Mano, as she is now know affectionately, and her mother, have suggested that the Indonesia Embassy deliberately thwarted any attempts to deal with the matter and in fact was pro-active in keeping Mano in Malaysia because they had been bribed by the Kelantan Royal family.

This piece is not about whether the claims are true or false per se, but rather about the legal implications of making them. And, then failing to produce any evidence in support of those claims. It would not be a first for an Indonesian Embassy and the officials that work within to be accused of corruption and to have that proved. However, in the cases where the allegations were made, subsequent evidence was furnished in order to establish guilt, and then convictions were obtained.

The Indonesian Embassy in Malaysia has laid out in chronological order all of the efforts that they undertook with respect to the Mano case. Could they have done more? Perhaps. However, the claim was that they did not do enough. Therefore, this raises the important question of, "legally how much does an Embassy have to in order to protect its citizens who get into trouble abroad, either legal or personal?"

The Indonesian Embassy in Kuala Lumpur has also indicated that it is intending to sue Mano and her mother if the pair of them cannot come up with evidence to prove their claims. It would be interesting to see how the presidential candidates respond to the Indonesian Embassy threatening a victim of alleged domestic violence in this way. Interesting in the sense of whether they jump on board like they did in the Prita Mulyasari defamation case or just try and avoid it like the plague.

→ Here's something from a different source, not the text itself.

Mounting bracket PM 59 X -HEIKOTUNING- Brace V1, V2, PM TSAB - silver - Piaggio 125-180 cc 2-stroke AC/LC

Although, the incumbent president has had a say on the matter here (in Indonesian). Nevertheless, it was pretty much run of the mill stuff. Generally, "this is a serious matter"; "better that Manohara talks to the Minister of Foreign Affairs"; and, "I have instructed the ambassador in Malaysia to watch the developments in this case closely."

Kompas has a detailed account of the chronology of events here (in Indonesian).

My personal opinion is that the burden of proof lies with those making the allegations. In this case the burden of proof in terms of proving the two primary allegations, namely: the Embassy did not do enough and that it accepted bribes, lies with Mano and her mother. If they fail to do so, and if one truly believes in the idea that all are equal in the eyes of the law, then Mano and her mother must be subject to the prevailing laws and regulations governing their conduct.

Despite the threats, the Indonesian Embassy in Kuala Lumpur has expressed their desire to facilitate any action that Mano and her mother want to take in Malaysia.

A simple defense is truth. Hopefully, Mano and her mother have truth on their side and can prove it.